7–55
Back to Bipolarity: How China's Rise Transformed the Balance of Power
Jennifer Lind, Dartmouth College
China's rise, Russia's military resurgence, and India's economic growth have prompted debates about the end of unipolarity and the future balance of power. Such debates are a staple of international politics; indeed, in the late twentieth century, many observers warned that Japan and the Soviet Union would overtake the United States. Yet scholars and policymakers evince little agreement on how to define power or measure the distribution of power. This article introduces an inductive method for comparing national power.
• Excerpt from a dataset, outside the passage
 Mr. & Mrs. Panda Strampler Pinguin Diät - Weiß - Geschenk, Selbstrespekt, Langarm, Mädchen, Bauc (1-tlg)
I empirically validate common metrics of national capabilities—economic and military—by assessing their ability to both predict known balances of power across historical systems (1820–1990) and distinguish between great powers and other countries. This method yields three important findings. First, large gaps in national capabilities between great powers and even superpowers have been common throughout history. Great powers need not achieve parity with the leading state to engage in a dangerous security competition. Second, this method shows that China on most dimensions is not only a great power but a superpower. Third, neither Russia nor India is a great power. The system is bipolar. These findings inform debates about the stability of international politics and the future of international order and suggest the likelihood of shifts in U.S. grand strategy and alliances.
56–96
Chinese Views of Strategic Stability: Implications for U.S.-China Relations
David C. Logan, Tufts University
China's nuclear buildup and intensifying U.S.-China strategic competition have raised concerns about the future of nuclear dynamics between China and the United States. As U.S.-China nuclear competition escalates, understanding Chinese views of strategic stability will be important for managing this dimension of the relationship between these two global powers. During the Cold War, different conceptions of strategic stability influenced how the Soviet Union and the United States constructed their nuclear forces and approached arms control. For the U.S. strategic community, strategic stability consisted of crisis stability and arms race stability. This article analyzes extensive Chinese-language sources and finds that Chinese writings identify four pillars of strategic stability: nuclear mutual vulnerability, the overall state of bilateral relations, the nuclear taboo, and beliefs about the controllability of nuclear escalation. Chinese strategists perceive each of these four pillars as eroding, in part because of U.S. actions. The findings have important implications for understanding China's nuclear force development, nuclear dynamics in East Asia, and U.S.-China relations.
97–134
The Myth of a Bipartisan Golden Age for U.S. Foreign Policy: The Truman-Eisenhower Consensus Remains
Jeffrey A. Friedman, Dartmouth College
Scholars and practitioners of U.S. foreign policy commonly describe the early Cold War as a lost golden age of bipartisan consensus. This article uses public opinion data, congressional voting patterns, and party platform statements to refute this conventional wisdom. In fact, the core internationalist principles that enjoyed bipartisan agreement during the Truman and Eisenhower administrations retain widespread approval from Democrats and Republicans today. Enduring support for this Truman-Eisenhower consensus is concealed by the way that recent presidents have enlarged the United States’ foreign policy agenda to pursue policies that historically did not generate bipartisanship, such as fighting climate change or conducting decades-long projects in armed nation-building. Rising political divisions in U.S. foreign policy are thus primarily a result of Democrats and Republicans deploying global influence in new ways rather than renouncing traditional international commitments. These findings refute widespread claims that political polarization has undermined traditional conceptions of U.S. global leadership or depleted Washington's usable power.
135–169
Competing Visions of Restraint
Miranda Priebe, RAND, John Schuessler, Texas A&M University, Bryan Rooney, RAND, and Jasen Castillo, Texas A&M University
At least since the U.S. invasion of Iraq in 2003, a subset of realists, conservatives, and progressives have called for greater restraint in U.S. grand strategy. Given that restraint is a key position in the grand strategy debate, this article explores the variations within restraint's big tent in greater detail. Drawing on writings by and interviews with advocates of restraint, we identify the underlying beliefs that have led these disparate groups to converge on restraint. We find that there are competing visions of restraint. Realists want to prevent the emergence of regional hegemons without provoking great power war; conservatives seek to preserve what they identify as the American way of life; and progressives are motivated by the desire to combat inequality and injustice at home and abroad. Even within each group, there are a range of underlying beliefs and foreign policy preferences, and more divisions have emerged in response to the Russian invasion of Ukraine and China's rise. We explore how these groups’ positions may evolve in the future as the threat environment continues to change and new policy questions emerge.